De rente die daardoor telkens niet betaalt kan worden zal, omdat er wordt afgelost, op termijn afnemen. Omdat over de daardoor ontstane rentevordering geen rente verschuldigd is loopt de totale schuld niet oneindig op. Wanneer de geldlening op enig moment geheel is afgelost zal de renteverplichting die op dat moment moet worden berekend nul euro zijn. Het tot dat moment totaalbedrag aan rentevorderingen wordt op de gebruikelijke wijze afgehandeld.

Over deze rentevorderingen is geen rente verschuldigd. Dit, in tegenstelling tot de renteverplichting bij schuldige nalatigheid.

Artikel 7 Verkoop of vererving woning

In dit artikel is geregeld dat bij verkoop van de woning of bij vererving de geleende bijstand, althans het restant van de geldlening, alsmede de eventueel bijgeschreven rentevordering direct bij de overdracht wordt afgerekend.

Dit geldt in principe ook bij verkoop tijdens het ontvangen van bijstand wanneer er dringende redenen zijn om te verhuizen. Desondanks wordt in het 2e lid de mogelijkheid gegeven tot verwisseling van het onderpand.

Artikel 8 Opnieuw recht binnen twee jaar

Bij een niet al te lange onderbreking van de bijstandsverlening moet er van worden uitgegaan dat de nieuwe bijstandsbehoeftigheid niet los kan worden gezien van die daarvoor. Daarom is geregeld dat in gevallen waarin geen sprake is van een duurzame onderbreking, de laatste berekening van het bedrag van de maximale geldlening wordt gehanteerd.
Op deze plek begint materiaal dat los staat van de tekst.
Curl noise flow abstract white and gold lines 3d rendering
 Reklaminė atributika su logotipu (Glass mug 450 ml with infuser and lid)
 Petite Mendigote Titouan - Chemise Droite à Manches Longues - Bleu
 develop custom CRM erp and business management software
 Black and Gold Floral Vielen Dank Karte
Voor zover binnen een periode van twee jaar het maximale bedrag van die lening nog niet is aangesproken, bijv. door voortijdige beëindiging van de bijstand, wordt de te verlenen bijstand dan ook ten laste daarvan geboekt.

Is het maximale bedrag volledig aangesproken en vindt bijstandsverlening verder om niet plaats en de belanghebbende doet na een korte onderbreking opnieuw een beroep op bijstandsverlening dan dient, voor zover de periode van onderbreking korter heeft geduurd dan twee jaar, niet opnieuw een krediethypotheek gevestigd te worden. De bijstandsverlening vindt daardoor dus om niet plaats.

In het geval er wel sprake is van een duurzame onderbreking (= onderbreking van meer dan twee jaar) dient te allen tijde een nieuwe krediethypotheek te worden gevestigd. Dit ongeacht of bijstandsverlening voor het laatst in de vorm van een krediethypotheek of om niet plaatsvond.

Het spreekt voor zich dat het op dat moment nog openstaande saldo van de geldlening onder verband van krediethypotheek, als een op de woning drukkende schuld in de berekening wordt meegenomen.

Artikel 9 Opgave stand van geldlening en rentevorderingen

Tijdens de looptijd van de lening wordt aan de belanghebbende een opgave verstrekt van de stand van de geldlening en van de eventueel opgeboekte rentevorderingen.

Artikel 10 inwerkingtreding

Deze regeling is niet van toepassing voor de belanghebbende die op 31 december 2014 recht had op bijstand, en eigenaar was van een door hemzelf of zijn gezin bewoonde woning met bijbehorend erf.

Ten aanzien van de besluiten van bijstandsverlening onder verband van een krediethypotheek, welke op grond van de ABW, Abw of WWB (tot 1 januari 2015) zijn verleend blijft het destijds bepaalde en als zodanig opgenomen in het desbetreffende besluit en/ of akte van krediethypotheek van toepassing.